The roads less taken

“Road to Colossus”

Colossus of Roads appears where he’s most recognized—near a train.

Colossus of Roads appears where he’s most recognized—near a train.

“We’re on the second day and about 150 miles out. Last night we camped at an abandoned store with no ceiling in Fallon,” Eric Burke wrote in his May 18 blog entry.

Armed with a Nevada Arts Council grant, digital and super-8 cameras and not much else, Burke, 26, and his friend Derek Yost, 24, hit the road to shoot video footage of legendary train-car graffiti artist Colossus of Roads. The two University of Nevada, Reno art students left town by bicycle May 16, heading for Gurdon, Ark., and returned June 5 with mission accomplished. Or at least begun.

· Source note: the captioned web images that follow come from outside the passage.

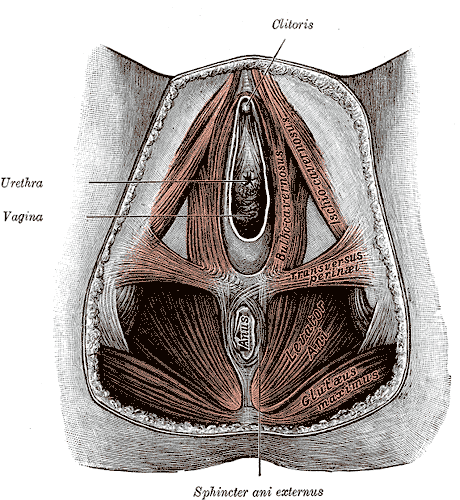 Fig. 408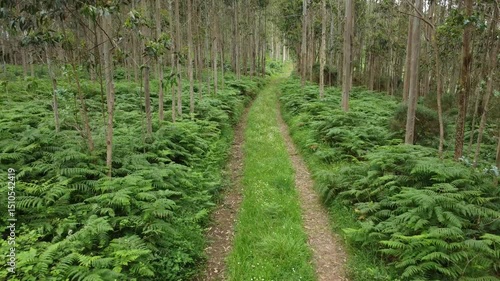 Aerial Drone View of Cariño, Galicia – Rugged Cliffs and Atlantic Coastline in Northern Spain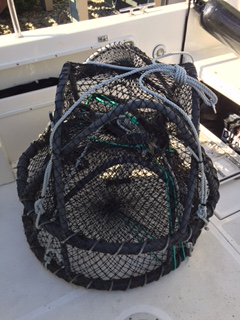 Commercial shrimp pots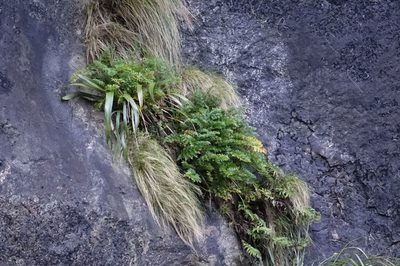 Anisotome lyallii, photographed by John Barkla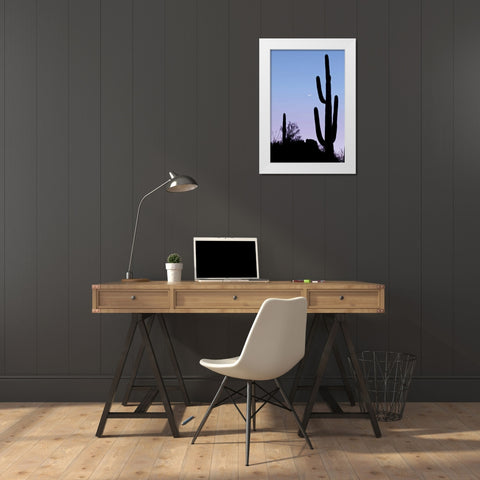 AZ, Tucson Saguaro cactus with crescent moon White Modern Wood Framed Art Print by Paulson, Don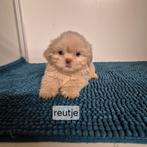 unieke kleuren raszuivere shih tzu pups, Overige rassen, 8 tot 15 weken, Meerdere, Meerdere dieren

The plan was to examine Colossus’ prolific marks as a way to think socially about graffiti’s art-historical and anthropological roles, with Yost, who makes graffiti-inspired paintings available as a consultant on the medium.

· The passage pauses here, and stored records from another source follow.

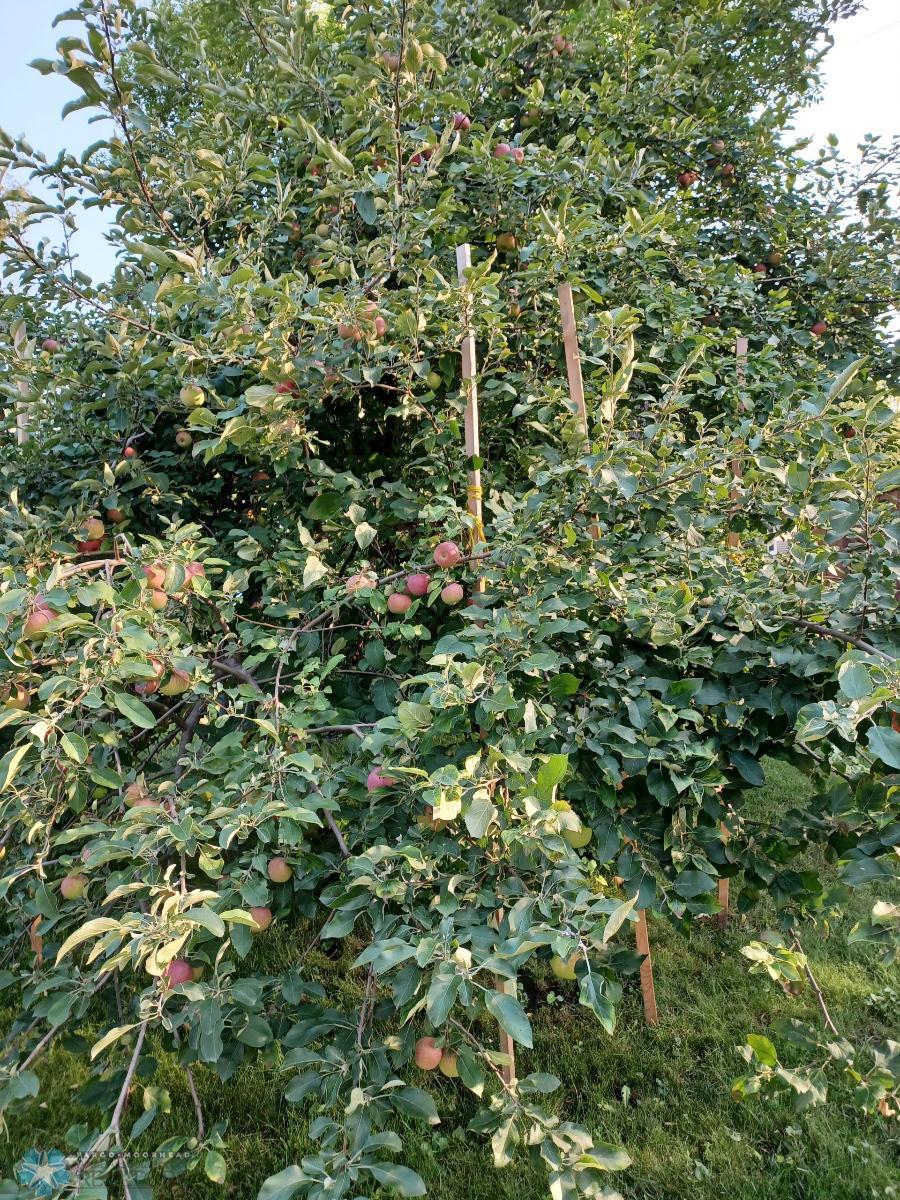 Apple tree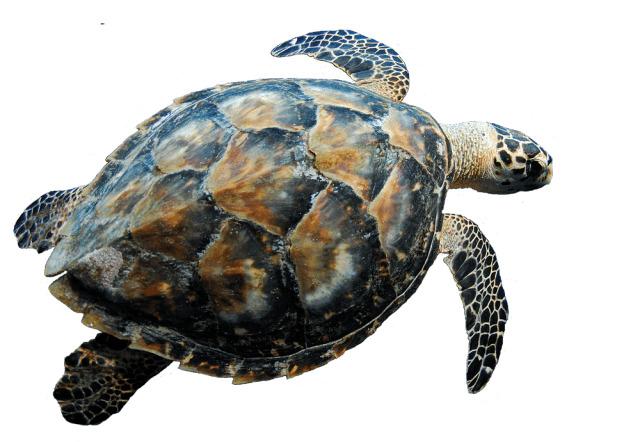Swimming Turtle png transparent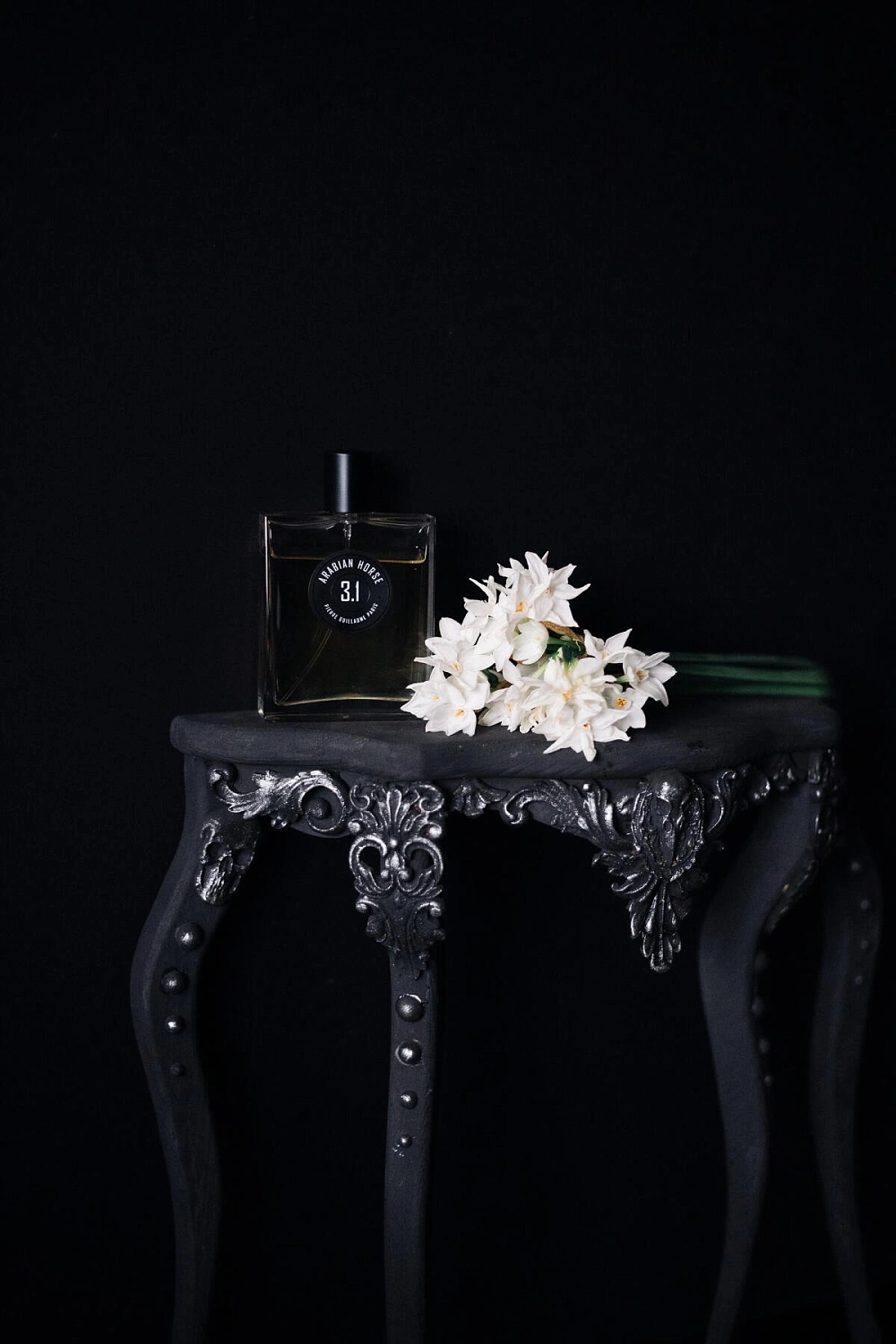 Pierre Guillaume Arabian Horse 3.1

The backup plan was to stay prepared for surprises, whether they involve the trip itself or a shift in creative intent.

“We will edit to create a documentary of artists on a journey to discover, or not discover, who is Colossus of Roads,” reads Burke’s grant proposal.

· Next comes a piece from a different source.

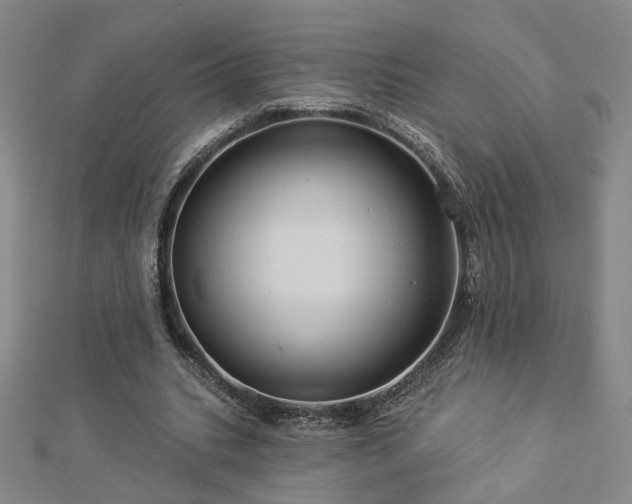 X0000112890535200908211456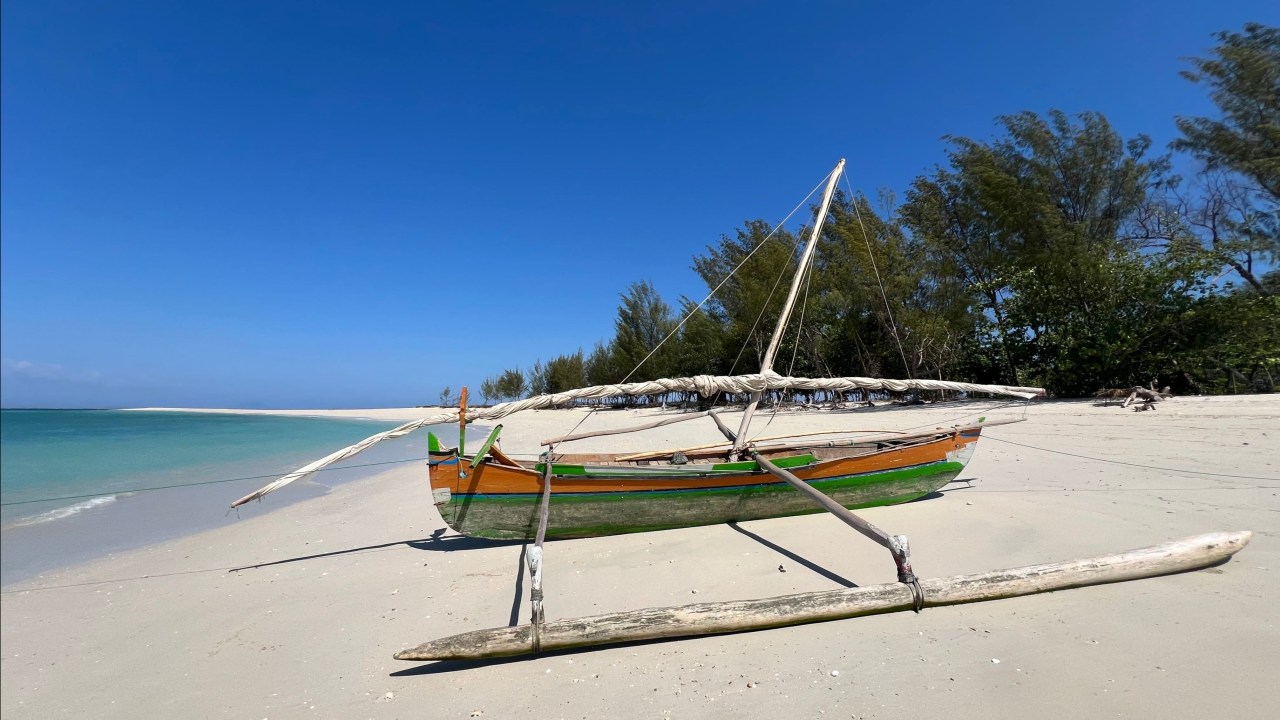 Should We Stay or&nbsp;Go?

Flexibility turned out to be a necessity. After Yost hurt his knee in Oklahoma and had his camera stolen, the bike ride became a trip made partially by Greyhound, train and, eventually, a Dodge van borrowed from Colossus’ son, Blake.

Burke and Yost slept wherever they landed—"On the side of forgotten highways and in oversized Victorian houses,” wrote Burke, in a June 3 e-mail from Boulder, Colo.—but they didn’t stray too far from connectivity to keep their blog current with posts about the trip (www.roadtocolossus.com).

Burke had mused before the journey that he could imagine a successful documentary about a fruitless search in the event that Colossus couldn’t be tracked down. But Colossus proved to be an approachable and fascinating source. Train-car graffiti is as old as the rails the painted cars ride on, and the art-school graduate and long-time Missouri Pacific Railroad worker, now 61, has been defying expectations since he started using the rolling, industrial canvasses decades ago.

“Everyone has their own ideas about what graffiti is, and usually it involves a spray can,” says Burke, after a day back in Reno. “But things he’s dealing with involve, like, postal graffiti … sending random people letters. Because graffiti is about subverting the public space. And getting something in your mailbox is … [using] the public space.”

Colossus, also known as Russell Butler, has several other projects in the works, like filling two old cars on his property with keys that people send in the mail. One of his most notable earlier efforts involved marking train cars without paint.

“Some of the really interesting graffiti he was doing early on,” Burke explained, “had to do with not even using anything that was visible.” Colossus would spray chemicals onto the cars through stencils he’d cut (one in the shape of a likeness of Pablo Picasso) that would later cause an image to appear in rust or in the surface of the paint.

Colossus’ main motivation in dreaming up these acts of poetic vandalism, says Burke, was simply “To kill the humdrum dullness of every day.”

As for the latest iteration of Burke’s motivation, the eventual documentary could still take one of several forms. It could even morph into fiction.

But, for the moment, Burke plans to mull it over.

“I have no impulse to solidify how the remainder will unravel.”